Member of the U.S. House of Representatives from Ohio's 7th district
- Incumbent
- Assumed office January 3, 2023
- Preceded by: Bob Gibbs

Personal details
- Born: Max Leonard Miller November 13, 1988 (age 37) Shaker Heights, Ohio, US
- Party: Republican
- Spouse: Emily Moreno ​ ​(m. 2022; div. 2025)​
- Children: 1
- Relatives: Sam Miller (grandfather) Aaron David Miller (uncle) Bernie Moreno (ex-father-in-law)
- Education: University of Arizona (attended) Cleveland State University (BA)
- Website: House website Campaign website

Military service
- Branch/service: United States Marine Corps
- Years of service: 2013–2019
- Rank: Corporal
- Unit: United States Marine Corps Reserve

= Max Miller (politician) =

American politician (born 1988)

Max Leonard Miller (born November 13, 1988) is an American politician who has served as the U.S. representative for Ohio's 7th congressional district since 2023. A member of the Republican Party, he previously served as a political appointee in the first Donald Trump administration.

In 2026, Miller's re-election campaign has been embroiled in controversy after his ex-wife, Emily Moreno, accused him of domestic violence and of abusing their daughter. Senator Bernie Moreno, Miller's former father-in-law and ally, called on him to resign. This was followed by calls for Miller's resignation from GOP senators Jon Husted, Roger Marshall, Katie Britt and Tim Sheehy.

== Early life and education ==
Miller is the grandson of Samuel H. Miller, the former co-chair of Forest City Realty Trust, and son of Abe and Barb Miller. His grandmother, Ruth Miller, was a candidate for Ohio's 22nd congressional district in 1980. His uncle is Aaron David Miller, a scholar of Middle East studies. His cousin, Eli Miller, a senior member of Trump's 2016 presidential campaign, was later appointed chief of staff of the United States Department of the Treasury. He is Jewish.

Miller grew up in Northeast Ohio and graduated from Shaker Heights High School in 2007, where classmates described him as "a loose cannon" with a "huge temper" who was "not a nice person". It was during his time in high school that, at a party, he pushed a female classmate through a door and down a staircase when she rejected his attempts to touch her. He attended the University of Arizona from August 2007 until December 2009. In August 2010, he transferred to Cleveland State University, where he earned a bachelor's degree in history in 2013.

== Early career ==
Miller worked at a Lululemon store in Ohio before joining the Marine Reserve in 2013. Miller was a corporal and made no deployments. In 2019, he was transferred from the Selected Marine Corps Reserve to the Individual Ready Reserve.

=== First Trump administration ===
After working for Marco Rubio's campaign for the 2016 Republican presidential nomination, Miller joined Donald Trump's presidential campaign in February 2016.

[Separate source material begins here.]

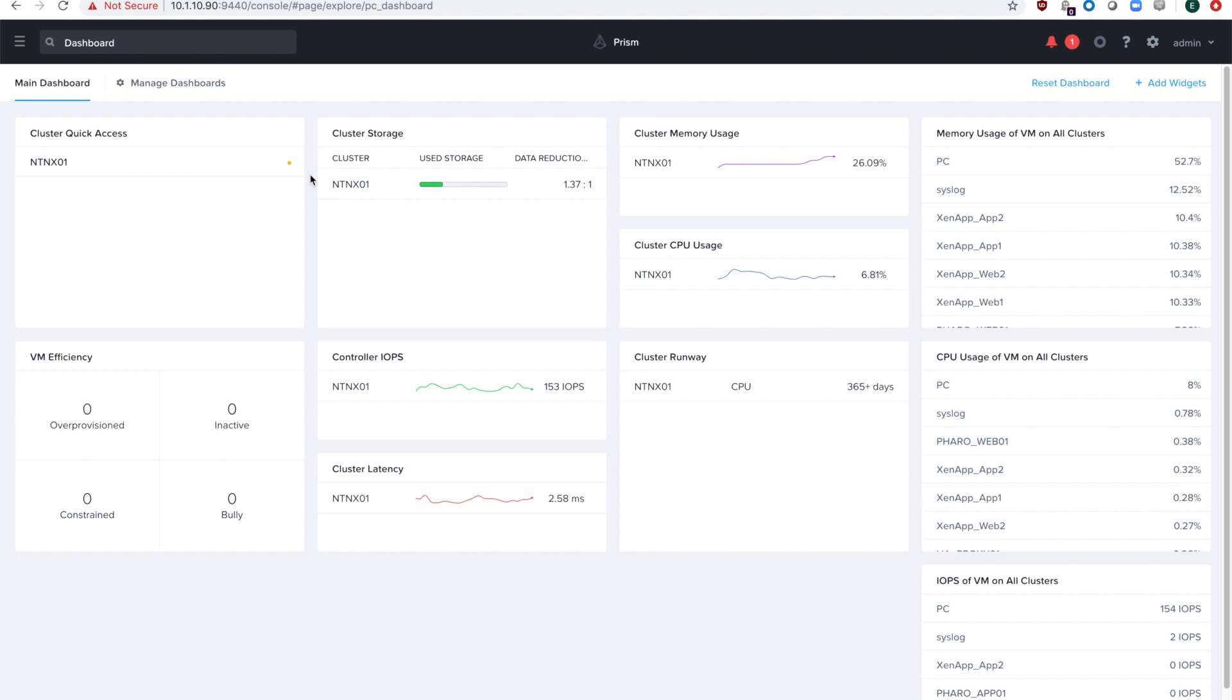I'm going to show you how to enable syslogging and then what some of the logs look like.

Miller was introduced to members of Trump's 2016 campaign by his cousin Eli Miller, who was a senior finance official for the campaign. After working as a campaign aide, Miller became a political appointee in the Trump administration. He was a confidential assistant in the United States Department of the Treasury in 2017, then a lead advance representative in the White House Office, and then associate director of the Presidential Personnel Office and special assistant to the president.

In June 2020, Miller was among the aides who accompanied Trump on his photo op at St. John's Church; a month later, he was appointed "deputy campaign manager for presidential operations" on Trump's reelection campaign. He is a favorite of Trump, whom Miller has praised as "the greatest POTUS this country has ever had." He helped organize the 2020 Republican convention, and was a Trump negotiator for the presidential debates.

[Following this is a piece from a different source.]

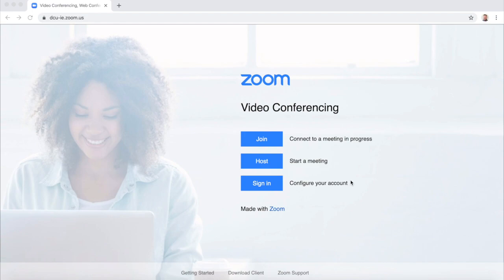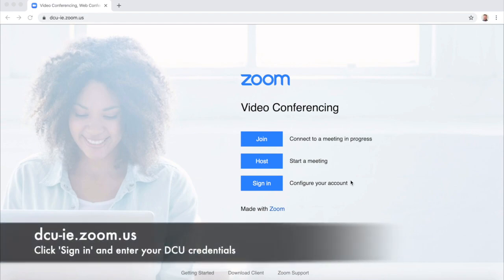After following the instructions that have been circulated around activating your Zoom account, it might be useful to check to make sure that your account is set up correctly. To do that, go to the website dcu-ie.zoom.us and click sign in.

In 2018, Miller was one of several Trump administration officials scrutinized for their inexperience and lack of qualifications. Miller's LinkedIn page falsely claimed that he had been a Marine recruiter and that he graduated from college in 2011 rather than in 2013. After The Washington Post raised questions about his biography, Miller removed the claims and called them mistakes made by a relative, who he said made the LinkedIn page on his behalf. Miller was appointed to the Holocaust Memorial Council by President Trump in December 2020.

In 2020 and 2021, Miller promoted Trump's false claim that the 2020 presidential election was "rigged". In June 2021, referring to the pro-Trump attack on the U.S. Capitol on January 6, 2021, Miller told The Washington Times, "What happened on January 6 was not an insurrection." In mid-December 2021, Miller was one of six people the January 6 committee subpoenaed to produce documents relating to the rally preceding the Capitol attack and deposed in January 2022. Miller testified that "what happened on that day is horrific," and insisted that he was being targeted for political reasons. The committee did not find him culpable of any wrongdoing.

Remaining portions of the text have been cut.